TALLAHASSEE — A flurry of candidates qualified for dozens of state races before Friday's noon deadline, creating a few surprises and prompting conspiracy theories among some political observers.
The tea party is at the center of the controversy, as 19 of its candidates submitted election paperwork to run in the Legislature and one Cabinet-level race.
Republicans immediately cried foul, questioning the tea partiers' credentials and motives, suggesting their goal was to draw votes from traditional Republicans.
"The recent flurry of last-minute filings by so-called 'tea party candidates' looks awfully suspicious," GOP Chairman John Thrasher said in a news release.
The last day of qualifying had moments of suspense in the governor's race. A staffer for Lawton "Bud" Chiles III, an independent, filed his papers eight minutes before the deadline. Many Democrats fear Chiles, whose father was a former two-term governor, will draw votes away from the presumptive Democratic nominee Alex Sink.
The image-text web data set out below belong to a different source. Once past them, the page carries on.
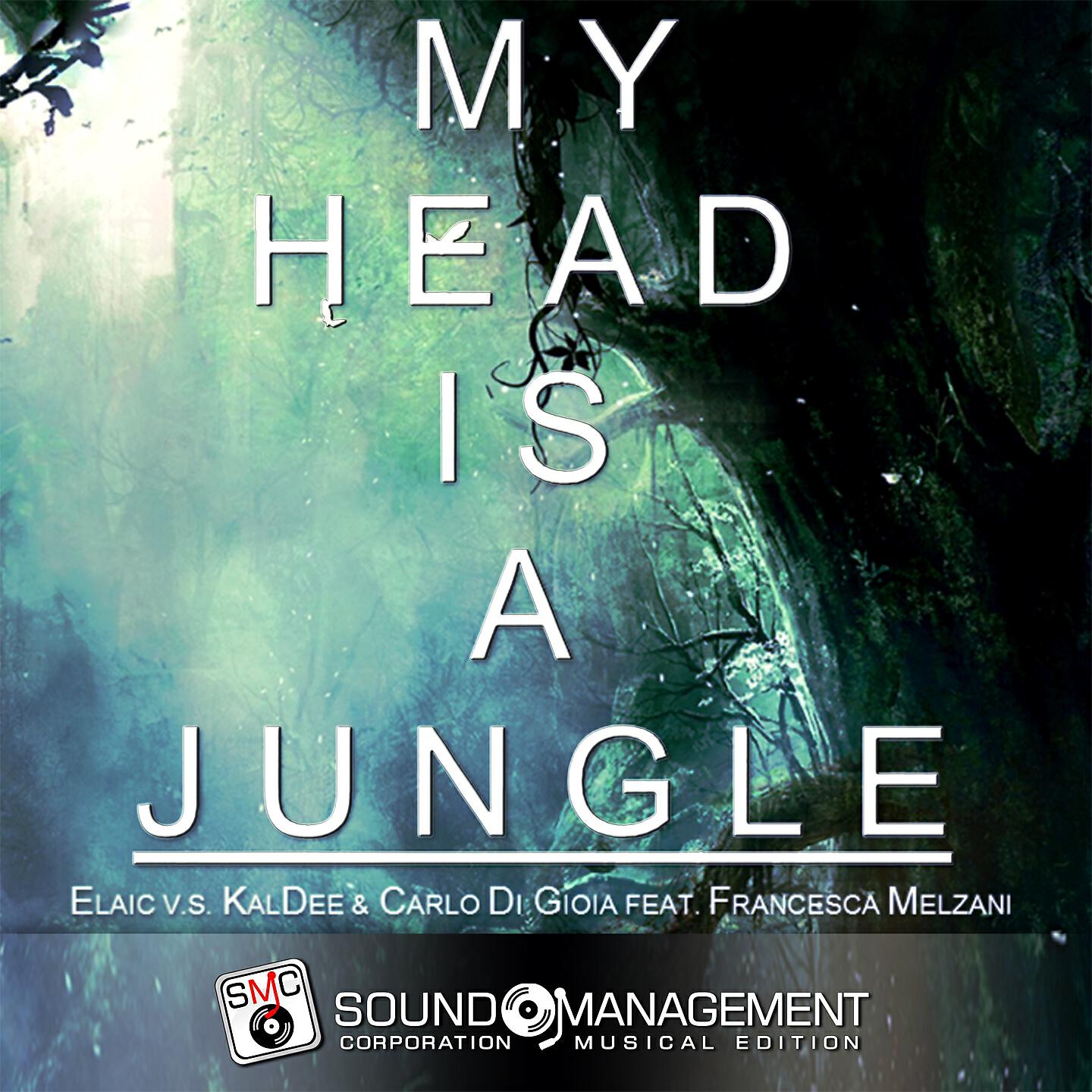Elaic - My Head Is a Jungle (Radio Edit)
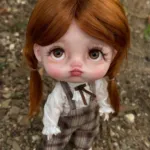 Pepa, Pequeña de ojos soñadores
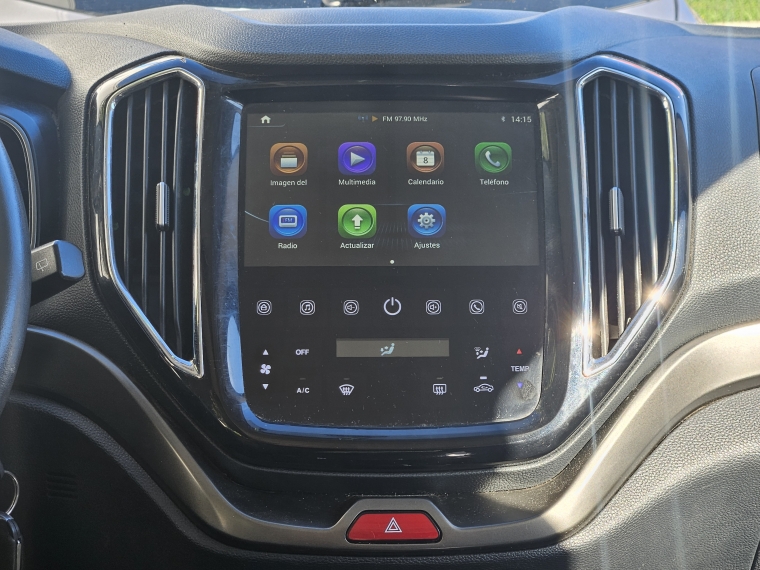 Changan Cx70 1.6 Cx70 Luxury Mt 5p 2021 Usado en Rosselot Usados
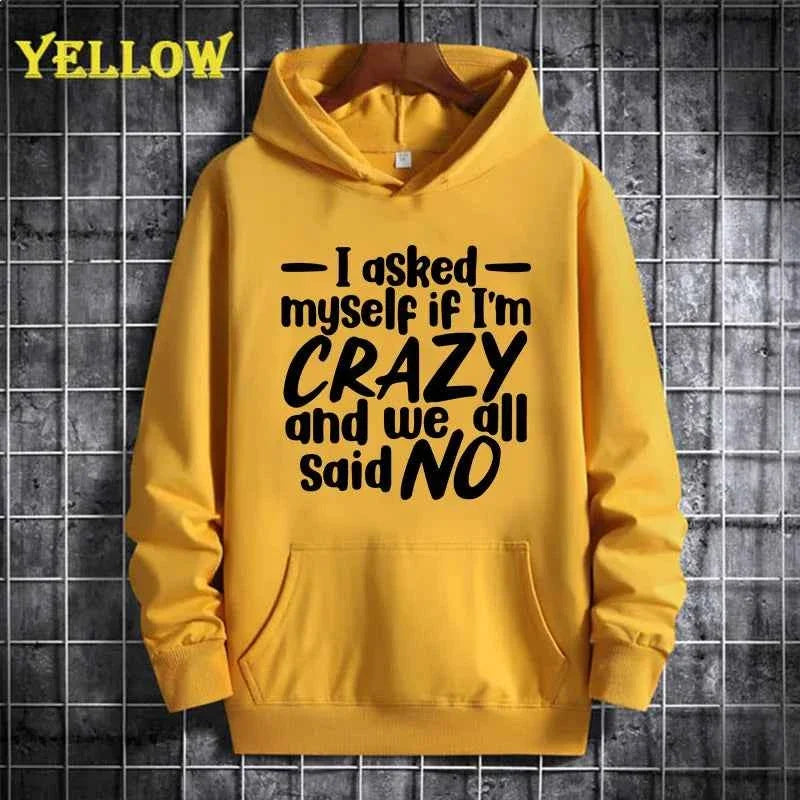 Women's Casual Printed Hoodie Pullover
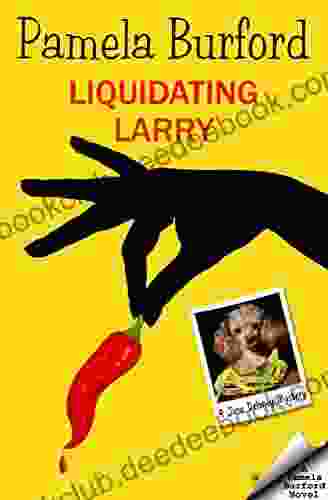 Liquidating Larry (Jane Delaney Mysteries 7)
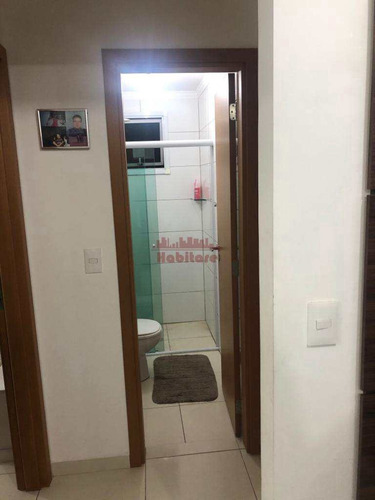 Imagem 5 de 11 de Apartamento Com 2 Dorms, Guilhermina, Praia Grande - R$ 310 Mil, Cod: 663151 - V663151
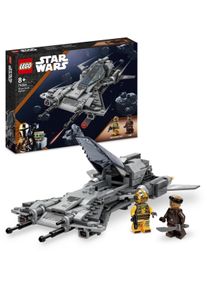 Lego® Konstruktionsspielsteine »Snubfighter der Piraten (75346), Lego® Star Wars™«, (285 St.)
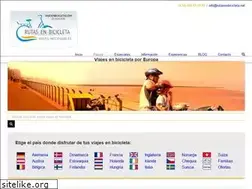 Sites similar to rutasenbicicleta.net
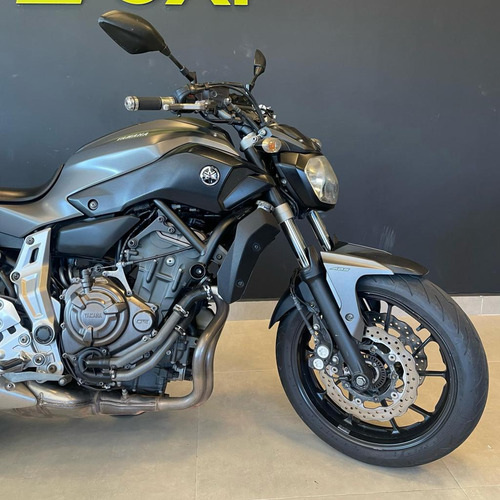Yamaha Mt-07/mt-07 Abs 689cc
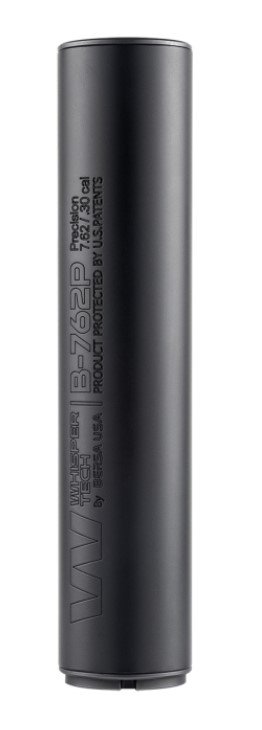 BERSA WHISPER TECH B-762P 7.62 SLNCR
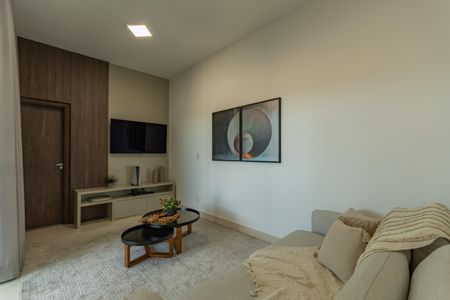 Sala 2 de apartamento à venda com 3 quartos, 188m² em Manacás, Belo Horizonte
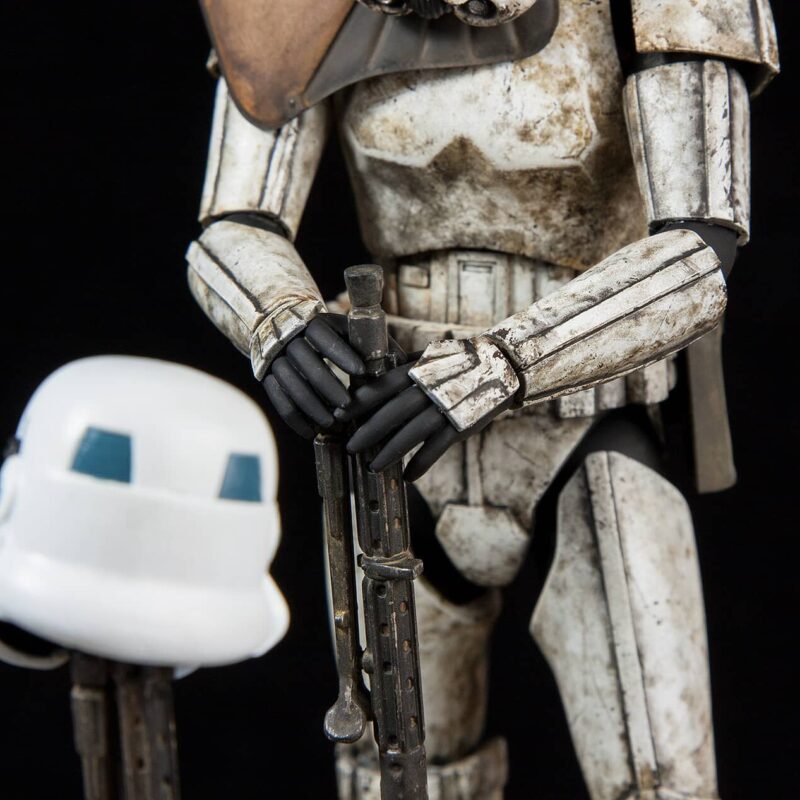 Star Wars - The farewell scene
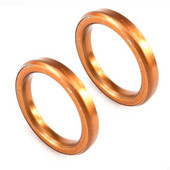 2-osaline summuti väljalasketihend 49cc 50cc 110cc 150cc GY6 70 90 100 125cc rolleri ATV mopeedide osadele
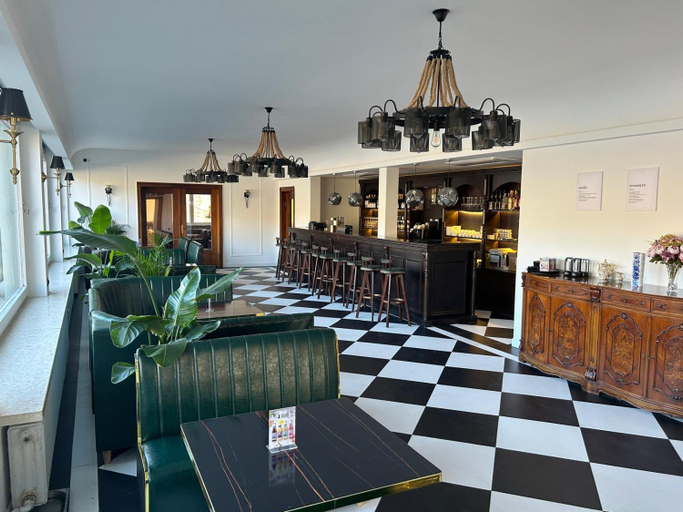 Food & Drinks 5, Berghof am See, Goslar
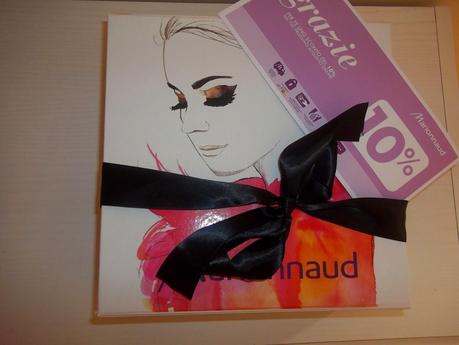 Marionnaud Beauty Box: la mia scatola delle meraviglie!
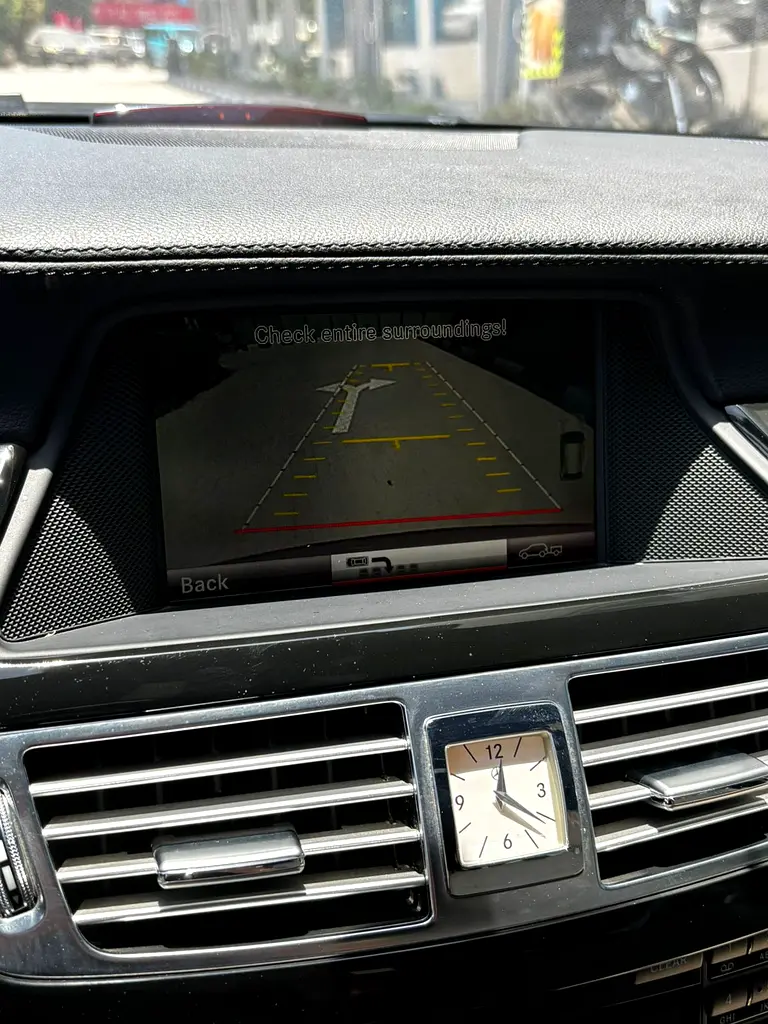 Mercedes-Benz CLS 500 2013 | GCC Specs | Low Mileage - Image 13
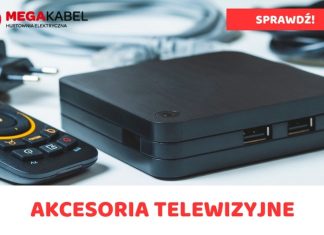 🔸 MEGAKABEL.pl – kompleksowe źródło akcesoriów telewizyjnych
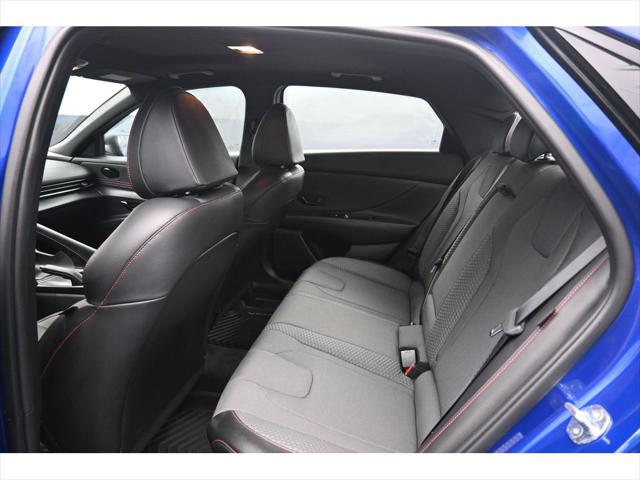 2025 Hyundai Elantra N Line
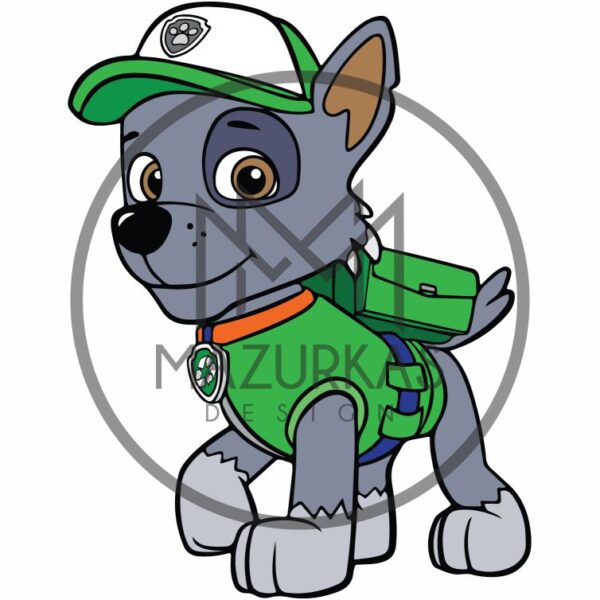 Psi Patrol 0215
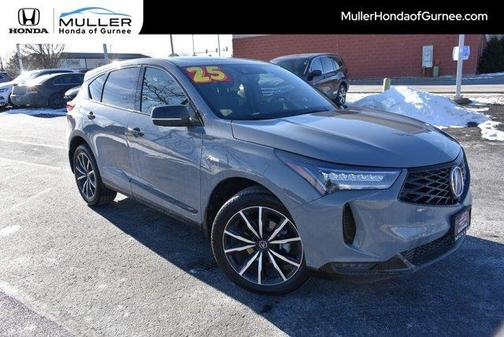 2025 Acura RDX A-Spec Advance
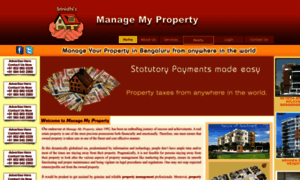 Managemyproperty.in thumbnail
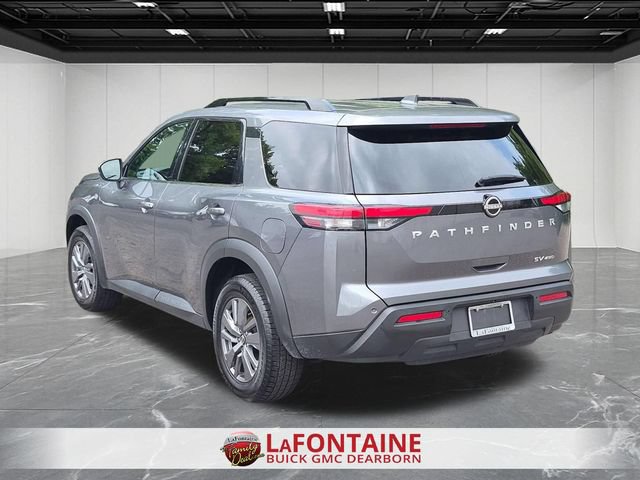 Used 2024 Nissan Pathfinder SV AWD/4WD image 3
Sink also received an unexpected primary challenger: former Socialist party presidential candidate Brian Moore of Spring Hill.
Rick Scott, the political rookie who is leading the polls in the Republican primary, also filed the required financial disclosure 15 minutes before noon. Scott submitted most of his other paperwork on Thursday.
"We wanted to be very certain we were accurate and careful," said Susie Wiles, Scott's campaign manager.
The Division of Elections office was packed with candidates and politicos, many of whom wanted to know how much the former health care executive was worth. Scott, a wealthy Naples businessman listed his net worth as $218.6 million. Through Friday, he has poured $16 million of his own wealth into campaign advertising.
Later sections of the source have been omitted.